Let's say I have an iOS/Android app which rely on a custom REST API for things such as account management (register, login, password reset, get/set user-related data).
There is no good way to guarantee my API is only called from my mobile application. Oauth2 and the like with 'secret' in the client code can be easily reverse-engineered.
Let's say I have an API call like this:
https://myapi.example.com/register_user?username=UUU&password=PPP&email=EEE
This creates a new user and from then on all API calls will either include a session-token or something that ties the API call to a specific app user with an account.
This first registration call is the only one that is not protected by anything and what I'm worried about is that a malicious person calls it 1,000,000 times from a PC script to create lots of fake users, especially with real email addresses. Then people with these addresses won't be able to use the app.
How can I protect that very first API call to prevent mass misuse? I'm thinking of including a server-validated mobile-friendly CAPTCHA in the user registration form.

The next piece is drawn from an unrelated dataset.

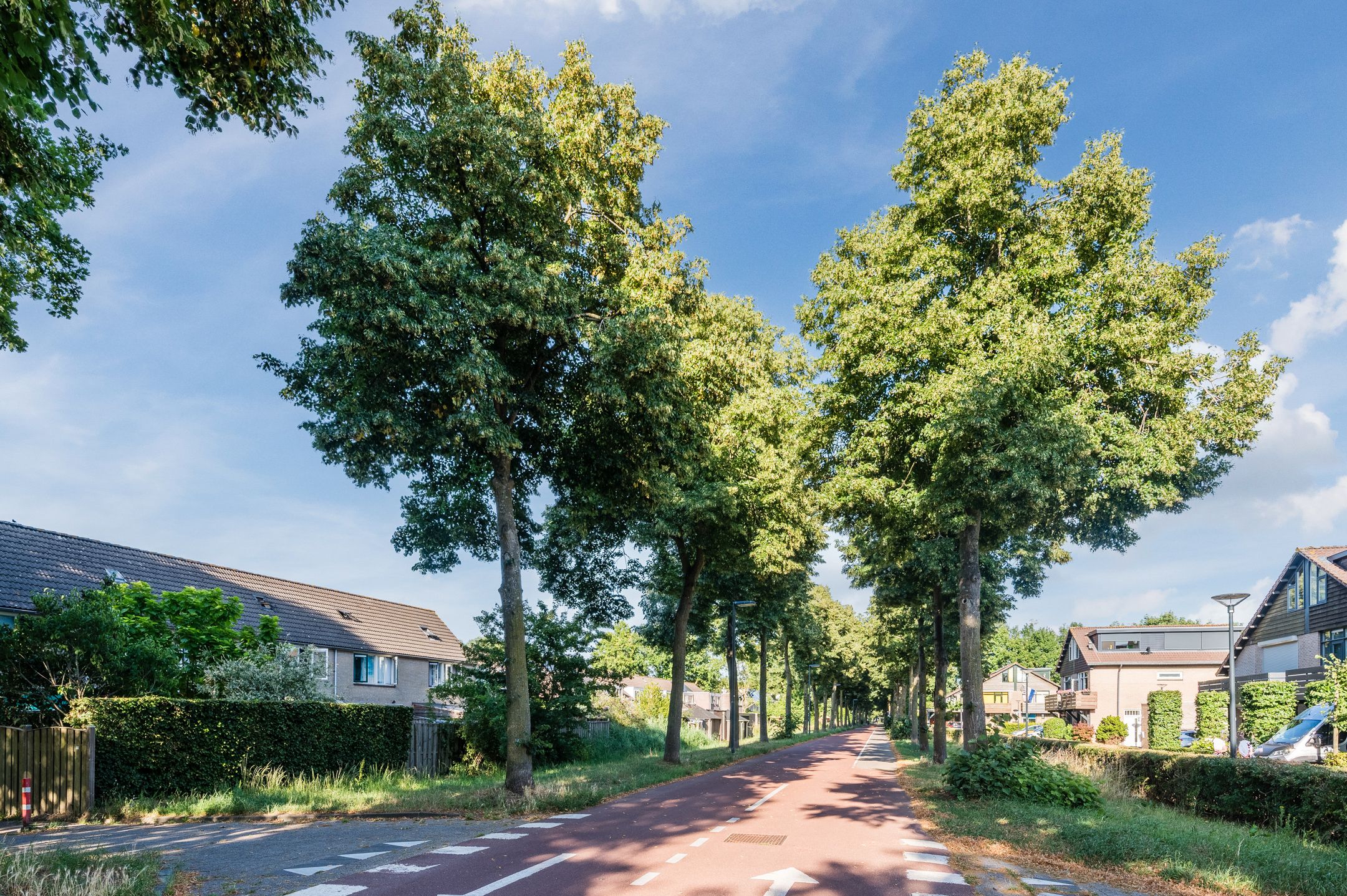 Photo 51 of Klaverbeemd 18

Again, all subsequent API calls are protected with session-token and API-call-count monitored per user (suspicious ones are blocked).
It's about designing the API in such a way that even if used from an inherently unsafe client like a mobile phone, it is still fine. Basically even if the API were to be made completely public, nobody could do much wrong with it. So here the question focuses on protecting that first API call but it's also about solving a more general problem.
It seems other interesting alternatives include using email-validation or a solid third-party identity provider like Google and the like. None of these 3 options is perfect. Anyway, interested in the discussion around this issue.
Does that make sense? Am I over-complicating things?